Die möglichen Ansprüche sind auch nicht bestimmbar. Dazu wäre erforderlich, dass sich innerhalb eines bestimmten Zeitraums aufgrund eines bestimmten Verfahrens überprüfbar feststellen ließe, ob und in welchem Umfang ein Verteilungsvolumen vorhanden ist. Es bedarf an dieser Stelle keiner abschließenden Entscheidung darüber, unter welchen Voraussetzungen die Einigungsstelle sich mit einem bloßen Verfahren zur Feststellung eines konkreten Verteilungsvolumens - auch unter Berücksichtigung der Rechtsgedanken aus § 162 BGB - begnügen darf, ohne sich die endgültige Beschlussfassung über dessen Umfang und damit über den Umfang von Nachteilsausgleichs- oder Nachteilsmilderungsansprüchen iSd. § 112 Abs. 1 Satz 2 BetrVG vorzubehalten. Im Streitfall hat die Einigungsstelle ein solches Verfahren nicht einmal ansatzweise geregelt.

cc) Die Einigungsstelle hat auf diese Weise gleichsam zwei Sozialpläne beschlossen: einen "Null-Sozialplan" für den Fall, dass der Arbeitgeberin nach Verwertung des Aktivvermögens und Begleichung aller (anderen) Passiva kein Vermögen verbleibt, und einen Sozialplan nach Maßgabe der Regelungen in Nr. 2 ff. des Spruchs für den Fall, dass aufteilbares Vermögen vorhanden bleibt.

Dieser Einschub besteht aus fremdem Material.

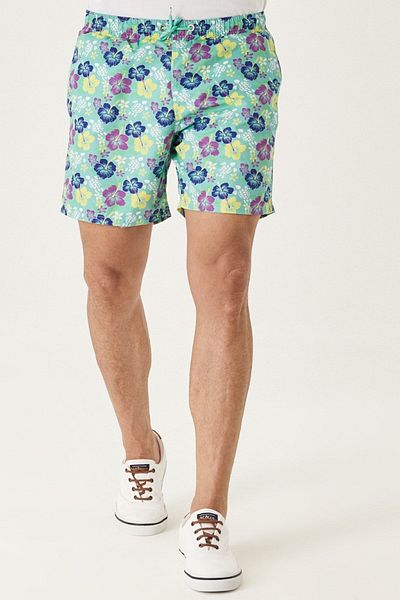 AC&Co / Altınyıldız Classics Men's Mınt - Casual Patterned Quick Dry Swimsuit Sea Shorts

Dies kommt in der Sache einer Nichtregelung gleich. Auch wenn es wegen der Ungewissheit zukünftiger, sozialplanrelevanter Ereignisse nicht grundsätzlich ausgeschlossen erscheint, dass normative, anspruchsbegründende Regelungen eines Sozialplans unter einer Bedingung nach § 158 BGB getroffen werden können, so muss doch die betreffende Bedingung selbst eindeutig formuliert und ihr (Nicht-)Eintritt zweifelsfrei festzustellen sein. Es muss für die Normadressaten klar erkennbar sein, von welchen tatsächlichen Umständen es abhängt, ob sie einen Leistungsanspruch - ggf. in welcher Höhe - erworben haben oder nicht (vgl. den Sachverhalt der Entscheidung - BAGE 96, 15). Dem genügen die Regelungen des angefochtenen Spruchs nicht. Die darin vorgesehene anspruchsbegründende Bedingung ist das Vorhandensein von Restvermögen nach Verwertung der Aktiva und Bedienung aller Passiva durch die Arbeitgeberin. Wie der (Nicht-)Eintritt der Bedingung von wem bis zu welchem Zeitpunkt überprüft werden kann, hat die Einigungsstelle nicht geregelt. Bedingungseintritt und möglicher Anspruchsinhalt sind keiner Feststellung bzw. Bestimmung durch die Normadressaten und Dritte zugänglich.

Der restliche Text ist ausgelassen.